Saved data entries:
==============================

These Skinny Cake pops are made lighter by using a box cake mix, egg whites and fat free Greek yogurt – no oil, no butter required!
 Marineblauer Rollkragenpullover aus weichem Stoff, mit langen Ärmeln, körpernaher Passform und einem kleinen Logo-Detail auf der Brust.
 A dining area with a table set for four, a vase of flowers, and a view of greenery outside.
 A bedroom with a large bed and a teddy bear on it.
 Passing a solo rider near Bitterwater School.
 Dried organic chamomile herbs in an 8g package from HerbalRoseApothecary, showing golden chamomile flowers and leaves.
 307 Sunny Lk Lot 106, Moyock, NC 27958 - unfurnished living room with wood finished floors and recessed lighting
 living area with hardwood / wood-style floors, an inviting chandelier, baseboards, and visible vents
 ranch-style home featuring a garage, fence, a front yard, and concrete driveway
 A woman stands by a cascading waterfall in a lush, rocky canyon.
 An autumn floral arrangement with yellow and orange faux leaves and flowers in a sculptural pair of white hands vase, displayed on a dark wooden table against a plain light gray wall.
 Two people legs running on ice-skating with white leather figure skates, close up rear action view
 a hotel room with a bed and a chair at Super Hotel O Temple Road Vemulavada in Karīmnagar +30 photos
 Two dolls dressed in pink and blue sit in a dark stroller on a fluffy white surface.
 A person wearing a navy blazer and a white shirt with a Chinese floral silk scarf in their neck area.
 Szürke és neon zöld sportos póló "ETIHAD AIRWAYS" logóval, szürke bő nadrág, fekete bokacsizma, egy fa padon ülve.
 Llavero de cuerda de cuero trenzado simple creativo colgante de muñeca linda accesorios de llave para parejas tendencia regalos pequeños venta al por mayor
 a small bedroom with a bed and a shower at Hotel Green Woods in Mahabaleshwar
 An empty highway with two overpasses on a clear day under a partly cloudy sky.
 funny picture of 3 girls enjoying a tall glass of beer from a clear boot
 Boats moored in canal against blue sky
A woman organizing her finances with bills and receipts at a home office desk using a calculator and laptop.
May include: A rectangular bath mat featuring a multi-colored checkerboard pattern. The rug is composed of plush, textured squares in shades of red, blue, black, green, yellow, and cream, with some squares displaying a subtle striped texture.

==============================

◆ **Task instructions**: Each line above must be output exactly as it stands.

◆ **Task output**:
These Skinny Cake pops are made lighter by using a box cake mix, egg whites and fat free Greek yogurt – no oil, no butter required!
 Marineblauer Rollkragenpullover aus weichem Stoff, mit langen Ärmeln, körpernaher Passform und einem kleinen Logo-Detail auf der Brust.
 A dining area with a table set for four, a vase of flowers, and a view of greenery outside.
 A bedroom with a large bed and a teddy bear on it.
 Passing a solo rider near Bitterwater School.
 Dried organic chamomile herbs in an 8g package from HerbalRoseApothecary, showing golden chamomile flowers and leaves.
 307 Sunny Lk Lot 106, Moyock, NC 27958 - unfurnished living room with wood finished floors and recessed lighting
 living area with hardwood / wood-style floors, an inviting chandelier, baseboards, and visible vents
 ranch-style home featuring a garage, fence, a front yard, and concrete driveway
 A woman stands by a cascading waterfall in a lush, rocky canyon.
 An autumn floral arrangement with yellow and orange faux leaves and flowers in a sculptural pair of white hands vase, displayed on a dark wooden table against a plain light gray wall.
 Two people legs running on ice-skating with white leather figure skates, close up rear action view
 a hotel room with a bed and a chair at Super Hotel O Temple Road Vemulavada in Karīmnagar +30 photos
 Two dolls dressed in pink and blue sit in a dark stroller on a fluffy white surface.
 A person wearing a navy blazer and a white shirt with a Chinese floral silk scarf in their neck area.
 Szürke és neon zöld sportos póló "ETIHAD AIRWAYS" logóval, szürke bő nadrág, fekete bokacsizma, egy fa padon ülve.
 Llavero de cuerda de cuero trenzado simple creativo colgante de muñeca linda accesorios de llave para parejas tendencia regalos pequeños venta al por mayor
 a small bedroom with a bed and a shower at Hotel Green Woods in Mahabaleshwar
 An empty highway with two overpasses on a clear day under a partly cloudy sky.
 funny picture of 3 girls enjoying a tall glass of beer from a clear boot
 Boats moored in canal against blue sky
A woman organizing her finances with bills and receipts at a home office desk using a calculator and laptop.
May include: A rectangular bath mat featuring a multi-colored checkerboard pattern. The rug is composed of plush, textured squares in shades of red, blue, black, green, yellow, and cream, with some squares displaying a subtle striped texture.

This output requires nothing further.